Druk in de weer
Het is vrijdagmorgen in De Bron. Hier zijn Vera, Marian en Debby elke week te vinden. Van negen tot twaalf uur zijn ze druk in de weer met oasis, emmers, bakjes, kleden, snijbloemen en bolletjes. Op twee grote houten tafels wordt alles zorgvuldig verwerkt en opgebouwd zodat er aan het begin van de middag een prachtig liturgisch bloemstuk in de kerkzaal staat. Daarnaast maken ze ook het weggeefstukje (voor parochianen die wat extra aandacht kunnen gebruiken) en het welkomststukje bij de ingang.
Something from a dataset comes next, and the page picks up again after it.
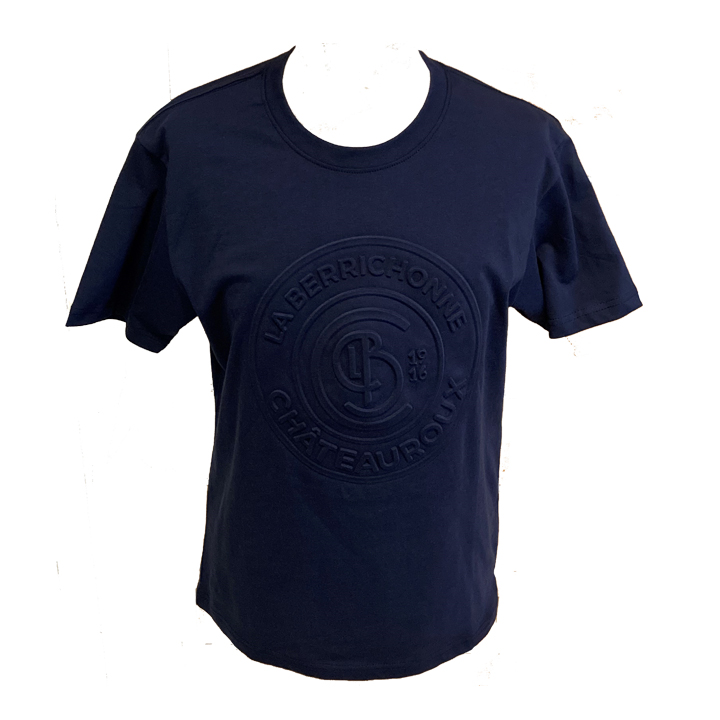 Tee-shirt marine logo embossé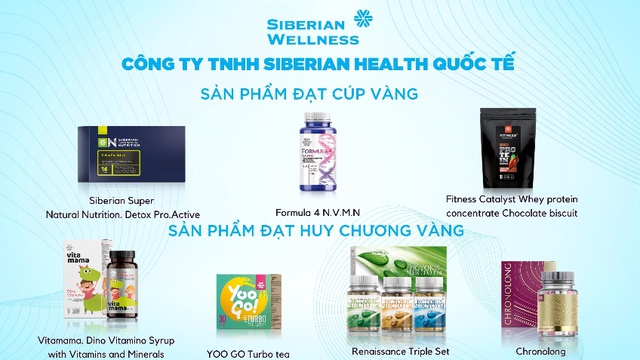 Siberian Health Quốc tế nhận giải thưởng Sản phẩm vàng vì sức khỏe cộng đồng - Ảnh 1.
Maar het is geen kwestie van even een simpel bosje tulpen in een vaas gooien. Voor deze vastentijd levert Erna Teule eerst een voorstel aan; zij deed vijfentwintig jaar geleden in de Abdij van Berne een cursus liturgisch bloemschikken, samen met Lilia van Klink. En dat ontwerp volgen de bloemschiksters zoveel mogelijk. Voor komende zondag, Reminescere, wordt de Verheerlijking van Jezus op de berg verbeeld. Een schokbrekerveer die om een vaas heen staat symboliseert veerkracht, terwijl drie witte calla’s Jezus, Mozes en Elia verbeelden. Blauwe hyacinthen staan voor de apostelen die Jezus’ gedaanteverandering mochten zien.
Waarom dan?
Vera, Marian en Debby deden deze week hun inkopen dus niet alleen bij de bloemenwinkel op de Ridderhof, maar moesten ook op pad naar een autobedrijf, om daar in het afval te zoeken naar een veer. Verder plukken ze in de tuin van De Bron hedera, die met tiewraps aan de veer wordt verbonden, terwijl één dame heel het gebouw aan het afzoeken is naar een stuk stof in precies de juiste kleur voor onder het arrangement. En dan moet het kleed ook nog gestreken worden.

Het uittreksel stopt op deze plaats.